Start of Block

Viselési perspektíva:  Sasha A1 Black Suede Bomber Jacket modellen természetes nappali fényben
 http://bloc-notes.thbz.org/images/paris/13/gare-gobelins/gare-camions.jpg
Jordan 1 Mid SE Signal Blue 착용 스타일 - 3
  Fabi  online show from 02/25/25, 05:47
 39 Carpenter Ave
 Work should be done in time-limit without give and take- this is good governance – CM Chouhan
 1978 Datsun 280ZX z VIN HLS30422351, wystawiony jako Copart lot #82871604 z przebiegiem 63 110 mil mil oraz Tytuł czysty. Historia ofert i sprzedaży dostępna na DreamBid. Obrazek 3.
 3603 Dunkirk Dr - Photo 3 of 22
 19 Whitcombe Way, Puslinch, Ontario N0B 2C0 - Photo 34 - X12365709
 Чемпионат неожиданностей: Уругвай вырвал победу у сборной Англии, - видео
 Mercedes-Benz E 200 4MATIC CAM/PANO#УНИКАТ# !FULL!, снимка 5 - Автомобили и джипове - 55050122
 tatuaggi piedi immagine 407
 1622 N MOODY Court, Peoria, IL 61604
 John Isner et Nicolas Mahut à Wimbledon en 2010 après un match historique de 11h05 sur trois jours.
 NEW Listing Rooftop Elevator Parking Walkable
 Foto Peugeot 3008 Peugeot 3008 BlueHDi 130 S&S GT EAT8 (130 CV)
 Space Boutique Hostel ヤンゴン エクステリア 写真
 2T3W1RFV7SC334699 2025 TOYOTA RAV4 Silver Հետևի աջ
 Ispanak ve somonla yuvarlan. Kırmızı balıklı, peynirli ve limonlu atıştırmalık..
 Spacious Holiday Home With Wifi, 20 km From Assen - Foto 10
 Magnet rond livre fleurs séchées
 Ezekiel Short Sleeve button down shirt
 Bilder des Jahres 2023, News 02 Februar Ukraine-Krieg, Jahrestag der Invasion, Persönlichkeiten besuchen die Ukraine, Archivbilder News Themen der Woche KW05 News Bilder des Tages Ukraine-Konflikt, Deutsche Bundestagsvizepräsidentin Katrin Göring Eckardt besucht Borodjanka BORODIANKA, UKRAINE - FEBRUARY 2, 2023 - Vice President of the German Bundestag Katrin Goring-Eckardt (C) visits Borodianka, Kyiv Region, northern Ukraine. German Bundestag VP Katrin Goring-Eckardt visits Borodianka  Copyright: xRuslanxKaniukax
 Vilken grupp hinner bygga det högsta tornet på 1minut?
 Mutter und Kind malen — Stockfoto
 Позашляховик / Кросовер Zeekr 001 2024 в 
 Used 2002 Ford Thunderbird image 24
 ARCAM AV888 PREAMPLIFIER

End of Block

■ **Work task**
The listing must be repeated in full, with nothing altered.

■ **Solution to the exercise**
Viselési perspektíva:  Sasha A1 Black Suede Bomber Jacket modellen természetes nappali fényben
 http://bloc-notes.thbz.org/images/paris/13/gare-gobelins/gare-camions.jpg
Jordan 1 Mid SE Signal Blue 착용 스타일 - 3
  Fabi  online show from 02/25/25, 05:47
 39 Carpenter Ave
 Work should be done in time-limit without give and take- this is good governance – CM Chouhan
 1978 Datsun 280ZX z VIN HLS30422351, wystawiony jako Copart lot #82871604 z przebiegiem 63 110 mil mil oraz Tytuł czysty. Historia ofert i sprzedaży dostępna na DreamBid. Obrazek 3.
 3603 Dunkirk Dr - Photo 3 of 22
 19 Whitcombe Way, Puslinch, Ontario N0B 2C0 - Photo 34 - X12365709
 Чемпионат неожиданностей: Уругвай вырвал победу у сборной Англии, - видео
 Mercedes-Benz E 200 4MATIC CAM/PANO#УНИКАТ# !FULL!, снимка 5 - Автомобили и джипове - 55050122
 tatuaggi piedi immagine 407
 1622 N MOODY Court, Peoria, IL 61604
 John Isner et Nicolas Mahut à Wimbledon en 2010 après un match historique de 11h05 sur trois jours.
 NEW Listing Rooftop Elevator Parking Walkable
 Foto Peugeot 3008 Peugeot 3008 BlueHDi 130 S&S GT EAT8 (130 CV)
 Space Boutique Hostel ヤンゴン エクステリア 写真
 2T3W1RFV7SC334699 2025 TOYOTA RAV4 Silver Հետևի աջ
 Ispanak ve somonla yuvarlan. Kırmızı balıklı, peynirli ve limonlu atıştırmalık..
 Spacious Holiday Home With Wifi, 20 km From Assen - Foto 10
 Magnet rond livre fleurs séchées
 Ezekiel Short Sleeve button down shirt
 Bilder des Jahres 2023, News 02 Februar Ukraine-Krieg, Jahrestag der Invasion, Persönlichkeiten besuchen die Ukraine, Archivbilder News Themen der Woche KW05 News Bilder des Tages Ukraine-Konflikt, Deutsche Bundestagsvizepräsidentin Katrin Göring Eckardt besucht Borodjanka BORODIANKA, UKRAINE - FEBRUARY 2, 2023 - Vice President of the German Bundestag Katrin Goring-Eckardt (C) visits Borodianka, Kyiv Region, northern Ukraine. German Bundestag VP Katrin Goring-Eckardt visits Borodianka  Copyright: xRuslanxKaniukax
 Vilken grupp hinner bygga det högsta tornet på 1minut?
 Mutter und Kind malen — Stockfoto
 Позашляховик / Кросовер Zeekr 001 2024 в 
 Used 2002 Ford Thunderbird image 24
 ARCAM AV888 PREAMPLIFIER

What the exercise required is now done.